PROBLEM DETAILS:
For this item, repeat the material exactly while omitting its pictures.

SUPPLIED INFORMATION:
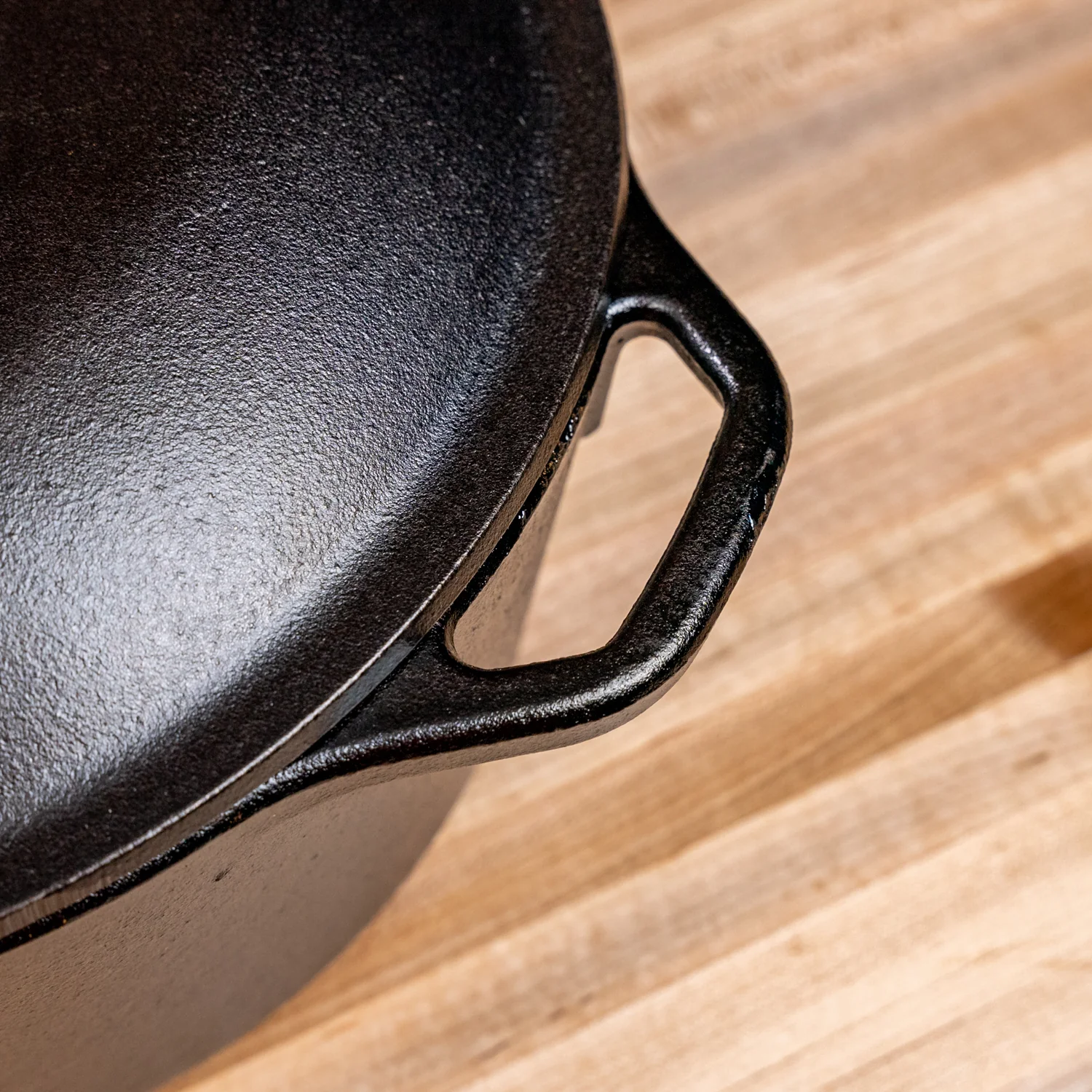 948-cast-iron-5-quart-dutch-oven-2.webp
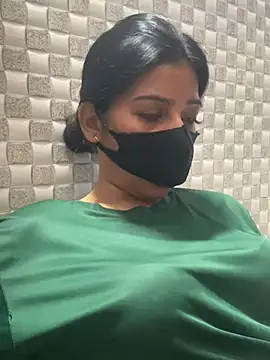 Hot Jaanvi  online show from May 21, 4:32 am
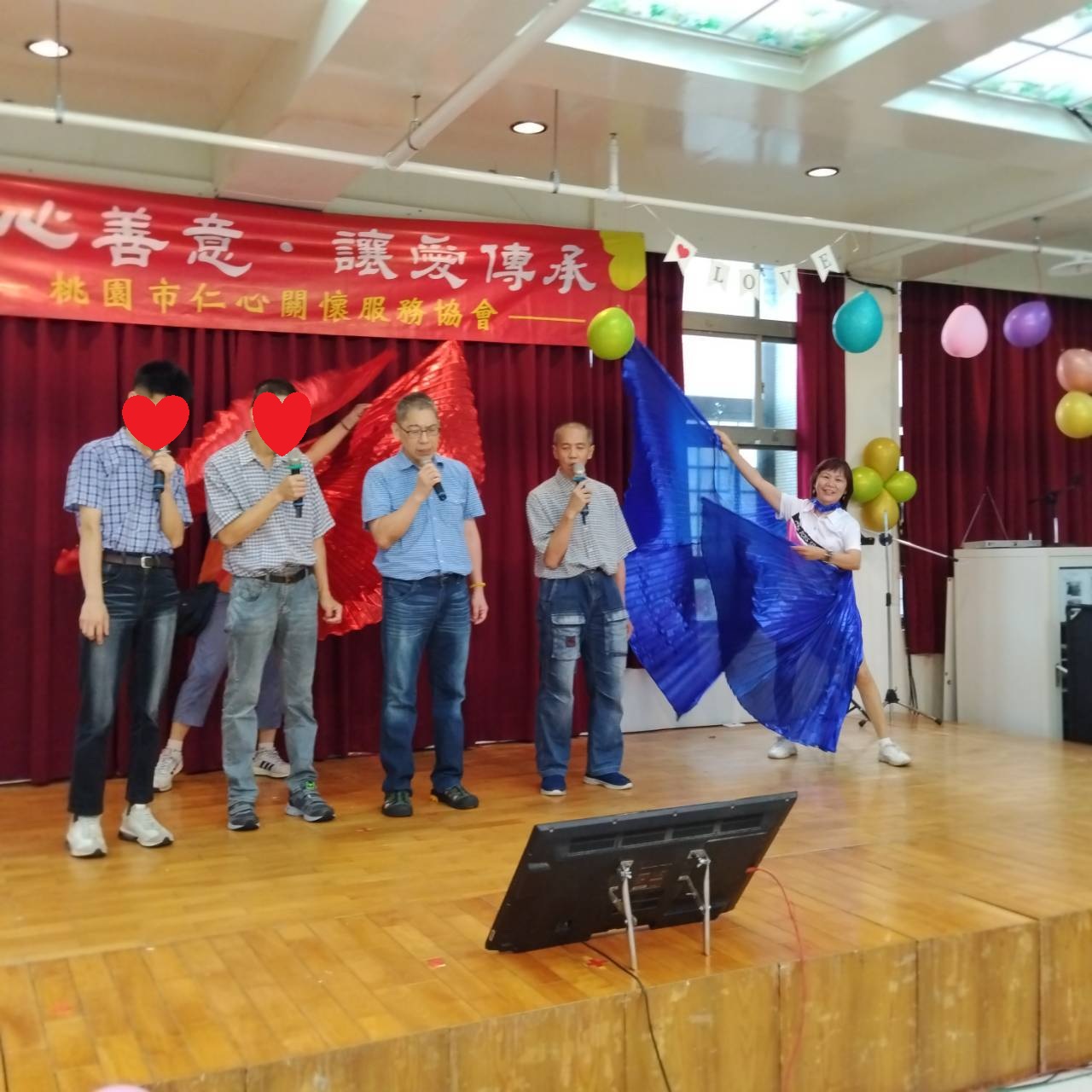 啟智F4團體展現歌唱實力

ANSWER:
 948-cast-iron-5-quart-dutch-oven-2.webp
 Hot Jaanvi  online show from May 21, 4:32 am
 啟智F4團體展現歌唱實力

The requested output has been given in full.